Nie ma chyba osoby w UK, która nigdy nie byłaby w Primarku. Stali klienci zastanawiali się, czy niebawem wzrosną tam ceny. W tej sprawie specjalny komunikat wydał właściciel sieci.
George Weston to jeden z szefów Associated British Foods. To firma-matka Primarka, a decyzje tam podejmowane mają wpływ na takie marki jak wspomniany już Primark, Twinings czy Kingsmill. Weston udzielił wywiadu serwisowi Yahoo News i odpowiedział na pytanie: czy w znanej sieci odzieżowej wzrosną niebawem ceny?
Mamy znakomitą wiadomość – z zapowiedzi dyrektora ABF wynika, że do końca roku, a więc także w okresie przedświątecznym klienci nie odczują żadnych zmian! Jak to możliwe – przecież w każdym praktycznie sektorze usług i gospodarki w UK widać delikatny wzrost cen.
– Jako firma odczuwamy zachodzące zmiany. Droższy jest transport, usługi magazynowe czy sam proces szycia. To nieuniknione, bo dzieje się na całym świecie – mówi Weston.
– Primark nie podniósł jednak cen przez ostatnie 10 lat i nie zrobimy tego również w tym roku – zapowiada. – Przeniesienie naszych problemów na klientów byłoby absurdem i brakiem szacunku. Znaleźliśmy oszczędności tam, gdzie to możliwe, i możemy utrzymać niskie ceny naszych ubrań – podsumował.
Weston ujawnił także, że Primark planuje otwarcie w najbliższym czasie kilkunastu nowych sklepów. Ponadto z raportów finansowych wynika, że w porównaniu do zeszłego roku zyski firmy spadły jedynie o 1 procent.
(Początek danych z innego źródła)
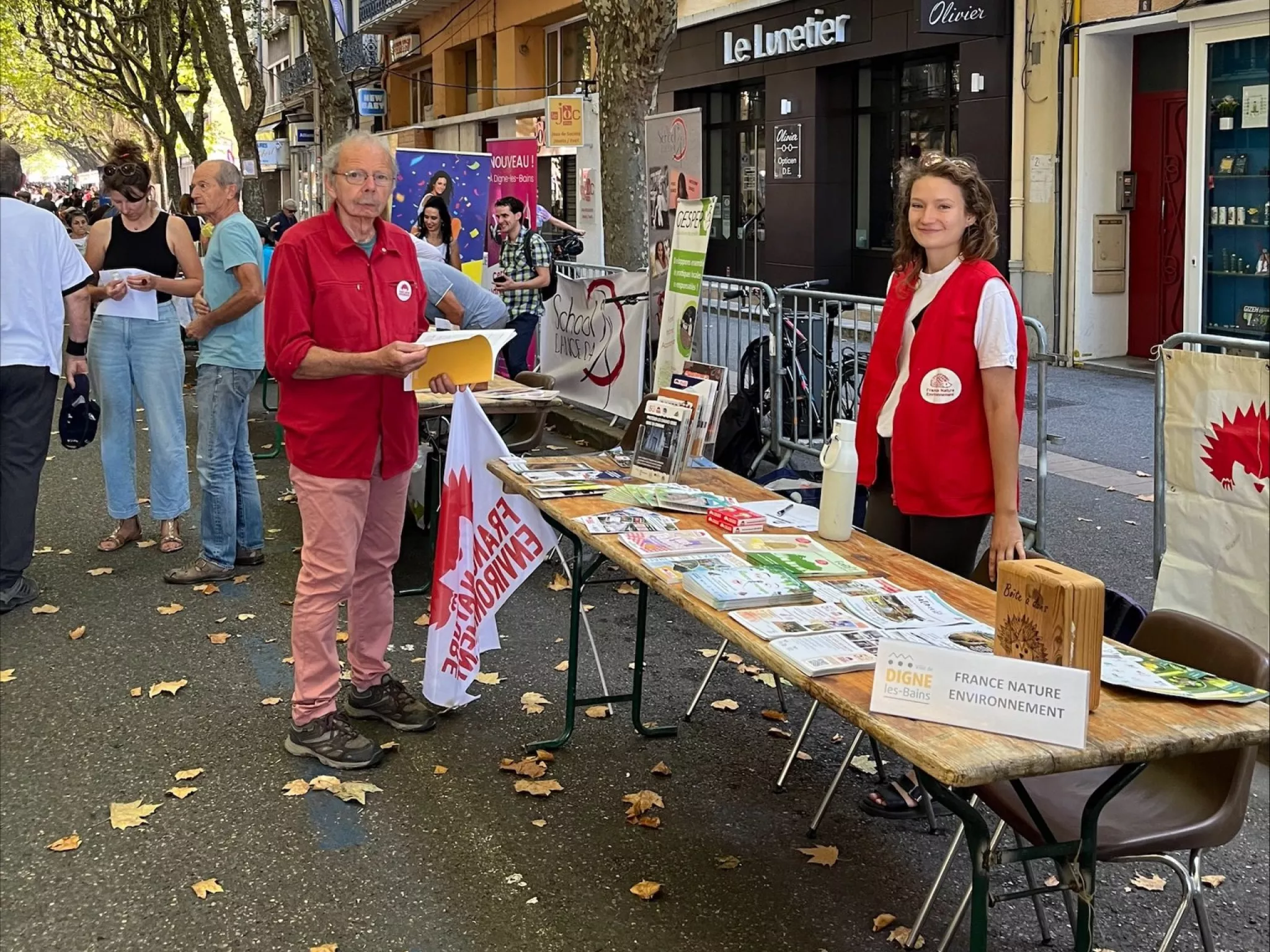 Une salariée et un bénévole FNE04 qui préparent le stand au forum de Digne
To pozwala patrzeć ABF-owi pozytywnie w przyszłość.
Niestety, podwyżki nie uniknęły produkty innych marek w ramach Associated British Foods. Zarówno ceny herbaty Twinings, jak również pieczywa Kingsmill są nieco wyższe niż jeszcze kilkanaście miesięcy temu. Zmiany nie powinny być jednak bardzo uciążliwe – utrzymują się bowiem poniżej poziomu inflacji.